Klaus Teuber morreu esta semana aos 70 anos. Poucas pessoas fora do passatempo dos jogos de tabuleiro modernos saberão quem foi, mas se dissermos que foi o criador de Settlers of Catan (hoje apenas conhecido por Catan), de súbito o jogo muda. Teuber trabalhou como dentista até 1998, mas desde cedo tinha uma paixão por jogos. Fazia jogos de tabuleiro porque gostava, como hobby.

Entre 1988 e 1995 recebeu por quatro vezes o prestigiado prémio Spiel des Jahres, o prémio que distingue o melhor jogo de tabuleiro publicado na Alemanha e que serve de referência para o resto do mundo. Recebeu a última das distinções com Settlers of Catan em 1995, o jogo que mudou tudo. Existe um antes e um depois de Catan (AC/DC).

Catan revolucionou o mundo dos jogos de tabuleiro. Internacionalizou um tipo de jogo que floresceu nesse país entre os anos 1980 e 90, algo que paralelo ao desenvolvimento dos videojogos. Ao contrário de outros países, na Alemanha a inovação dos jogos de tabuleiro não parou. Continuaram a criar jogos, apostando em jogos de estratégia que podiam ser jogados por toda a família, mas que eram especialmente apreciados por adultos como actividade social. Foi um movimento tão importante que passaram a ser chamados de jogos alemães ou Eurogames.

Um dos grandes contributos de Teuber foi o modo como Catan internacionalizou os Eurogames, tornando os jogos de massas como Monopoly e afins perto de serem obsoletos, tal era a novidade.

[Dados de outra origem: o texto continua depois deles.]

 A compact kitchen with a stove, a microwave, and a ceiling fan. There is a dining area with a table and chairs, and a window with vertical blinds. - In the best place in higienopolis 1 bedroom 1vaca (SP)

Estratégia, progressão, alguma incerteza e tempos de jogo controláveis, em que se evitava a eliminação de jogadores e por vezes até se estabeleciam verdadeiros processos colaborativos, mudaram o panorama dos jogos de tabuleiro. Catan, com as suas infindáveis variantes e expansões, vendeu milhões de jogos por todo mundo, tendo permitido que Teuber deixasse a carreira de dentista. Primeiro, o jogo espalhou-se através das comunidades académicas e centro tecnológicos, depois disseminou-se por todo o lado.

Catan gera experiências de negociação, progressão, permite definir estratégias e tem uma "rejogabilidade" quase infinita porque o mapa muda, os dados definem os recursos disponíveis e o comportamento dos jogadores transforma as partidas. Os jogadores no centro dos jogos de tabuleiro é algo que caracteriza os novos jogos de tabuleiro, já dizia o famoso historiador de jogos David Parlett, por isso são cada vez mais populares. Acima de tudo importam as pessoas, o modo como interagem entre si e com o jogo, e as experiências que sentem ao jogar. Daí os jogos de tabuleiro serem cada vez mais populares nesta nossa era digital onde por vezes nos faltam as interacções humanas geradoras de empatia e bem-estar.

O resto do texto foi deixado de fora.